Dr. Back End

Posted: June 23, 2012 in Ink's Poetry, Misc

…or How I Learned to Stop Hating Myself and That’s a Complete Lie

Self-promotion has never been a strength of mine. I prefer self-deprecation, the ol’ “get the crowd laughing with you while you’re laughing at yourself before they do so without your leadership” routine. It’s all about self-deception. I’ll admit, I’m a pretty damned good poet (better than many, worse than most…in truth, there’s just too many god-damned poets out there), but good poetry and a good speaking voice are only one tenth the sum when it comes to drawing a crowd. Having friends willing to hear the same shit you’ve been spewing at open mics and other venues accounts for another tenth, but a poet can only depend on those kind souls so much. The poet needs to be able to draw in actual fans, not pity/kindness.

When trying to draw a crowd for a featured poet, another tenth is the lure of an open mic. Open mics are a draw to people, mostly because everyone wants their turn.

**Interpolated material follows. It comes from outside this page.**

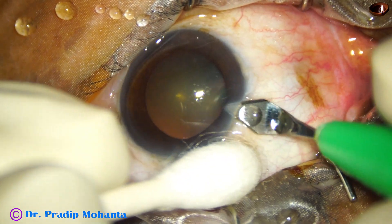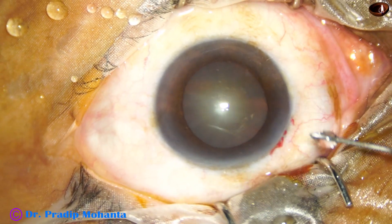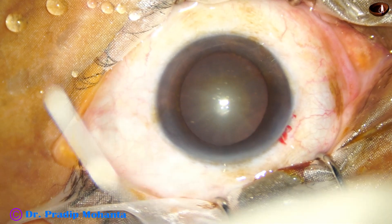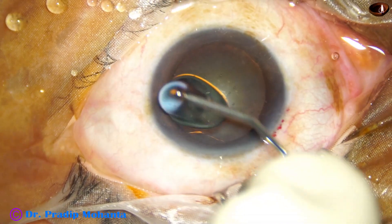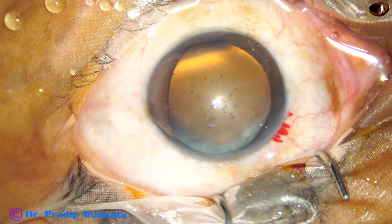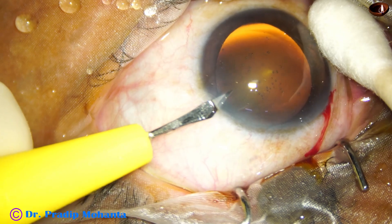Dr. Neto Rosateli is a very respectable name in the ophthalmic world. He is in Brazil and is a very high-volume surgeon. He uses a chopper which is long and round-bodied, and there is a ball at the tip of the chopper. This is a round-bodied, blunt instrument.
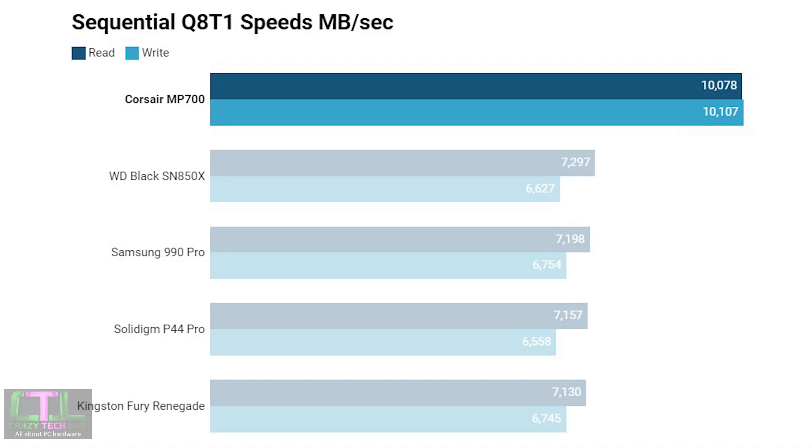First up, we have the sequential numbers from CrystalDiskMark. The Corsair MP700 shows what it's made of with read and write speeds of over 10,000 megabytes a second, pretty much living up to the hype and offering numbers close to 3,000 megabytes a second faster than the best PCIe 4 SSDs — namely the WD Black SN850X, Samsung 990 Pro, Solidigm P44 Pro, and Kingston Fury Renegade.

I’ve said it before, and it’s been proven every single Feature + Open I’ve been to, too many poetry readings have turned into an incestuous orgy of poets reading to poets. I say “reading to,” because while poets are nowadays the most likely to actually listen to poetry, those same people are usually just as eager (if not more so) to show off their poems in hopes of trumping the feature or proving their own work’s worthiness at the same podium’s spotlight. Not to say I haven’t seen an open mic-er trump a feature, because I most definitely have, but said instances are rare if you know who you’re going to see. All in all, adding an open mic to the end of a program is a pretty effortless way to fill seats. The remainder requires massive amounts of effort and is where poor self-esteem is naught but schizophrenic buggery.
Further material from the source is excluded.